Wholebody inference - Githubissues

jun297 commented 1 year ago

Hi, thank you for sharing a nice codebase!

I am looking for a way to get COCO wholebody keypoints
How are feet keypoints added additionally? can I get some tips?

JunkyByte commented 1 year ago

Hi @jun297, thanks for your interest. I have two approaches to obtain what you want:

Manually finetuning:

If your idea is to finetune the model by yourself you can try a similar approach to what I did with the feet keypoints, it should be easier with Wholebody as the json files already contain the body keypoints + face / feet / hands. To train on wholebody you will have to change the COCO.py dataset loader to load the annotations correctly. This script is the one I modified to add the feet, you should be able to follow the same approach to add the other parts. Most of the script should work out of the box, be sure to set visibility for joints correctly in the samples that do not have a part of the annotated keypoints. Apart from the data loader you have to modify the configs to have the correct number of keypoints and to make data augmentations work correctly you have to change the flip_pairs and lower / upper body parts in https://github.com/JunkyByte/easy_ViTPose/blob/main/easy_ViTPose/datasets/COCO.py#L113

Use pretrained models from original implementation

While I finetuned just to add feet, the original ViTPose implementation provides a lot of pretrained models. https://github.com/ViTAE-Transformer/ViTPose#wholebody-dataset Unfortunately the wholebody one is called VitPose+, it uses a slightly different architecture and is trained on multiple datasets requiring some engineering to make it usable with the current codebase. I spent a couple hours to make it work and setup a branch for this task. The visualization is still broken and some details are not clear to me but I'm able to run inference correctly. If you have the time to fix the details I left broken I would be interested into making whole body setup the default or provide both models for inference in the main branch.

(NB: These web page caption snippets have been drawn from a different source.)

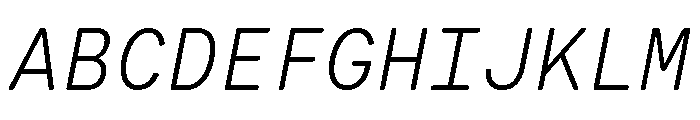 VCTRMono LightItalic Font UPPERCASE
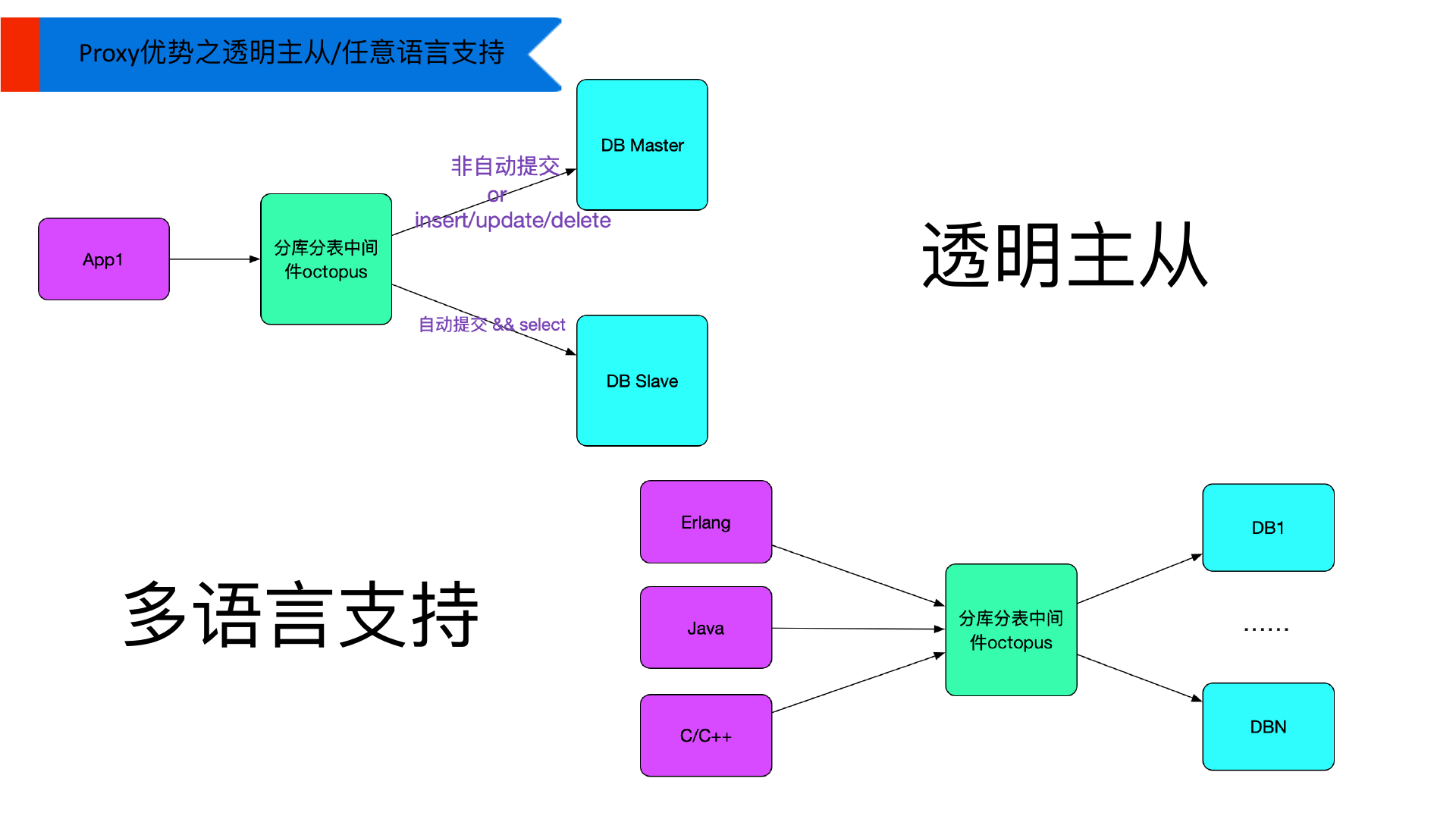 透明主从与多语言支持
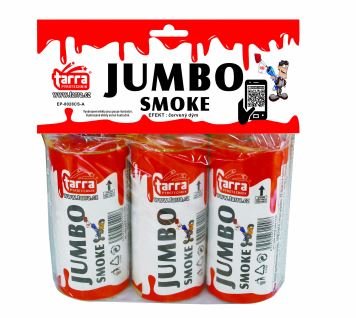 Dýmovnice "JUMBO SMOKE" červená - 3ks - 16/3 trhací pojistka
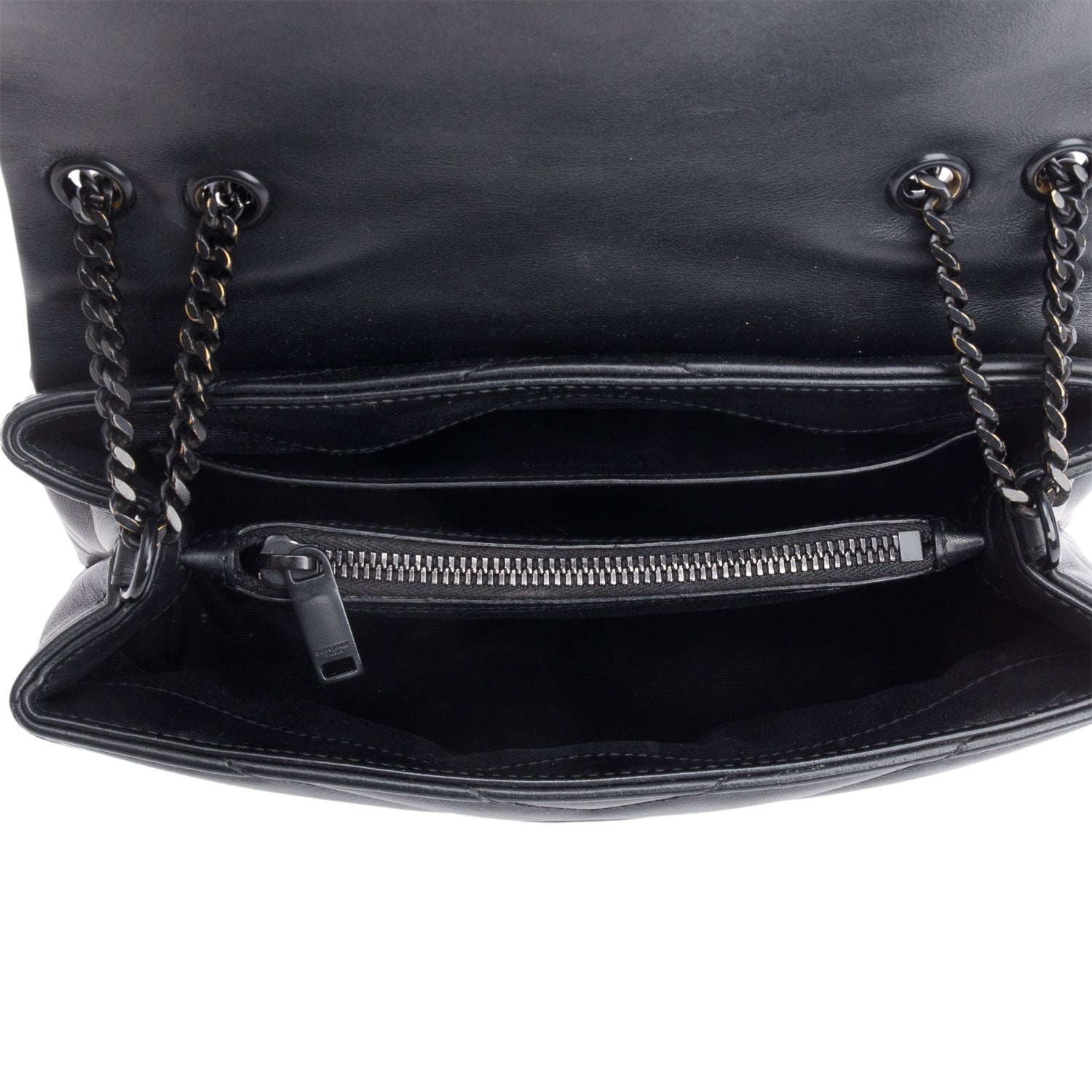 Saint Laurent So Black Quilted Leather Small Loulou Shoulder Bag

I will give you details of what I did, how to make everything work and what is left to be done:

start by cloning the repo and checkout the develop branch. You will find a few differences:

new configs for small and base wholebody config/
the inference.py script allows to load these models by using --model-name whole-b (or whole-s)
new backbone architecture vit_models/backbone/
wholebody visualization declaration in vit_utils/visualization.py

Now to load the pretrained models you have to download them from https://github.com/ViTAE-Transformer/ViTPose#wholebody-dataset and convert them using transform_ckpt.py, this script removes the multiple heads from the checkpoint and only leaves the wholebody one which is renamed as the default head, it will create a new checkpoint which can be correctly loaded from this codebase. Once you have the updated checkpoint try to use it with the inference.py, you will see it works correctly but visualization is broken.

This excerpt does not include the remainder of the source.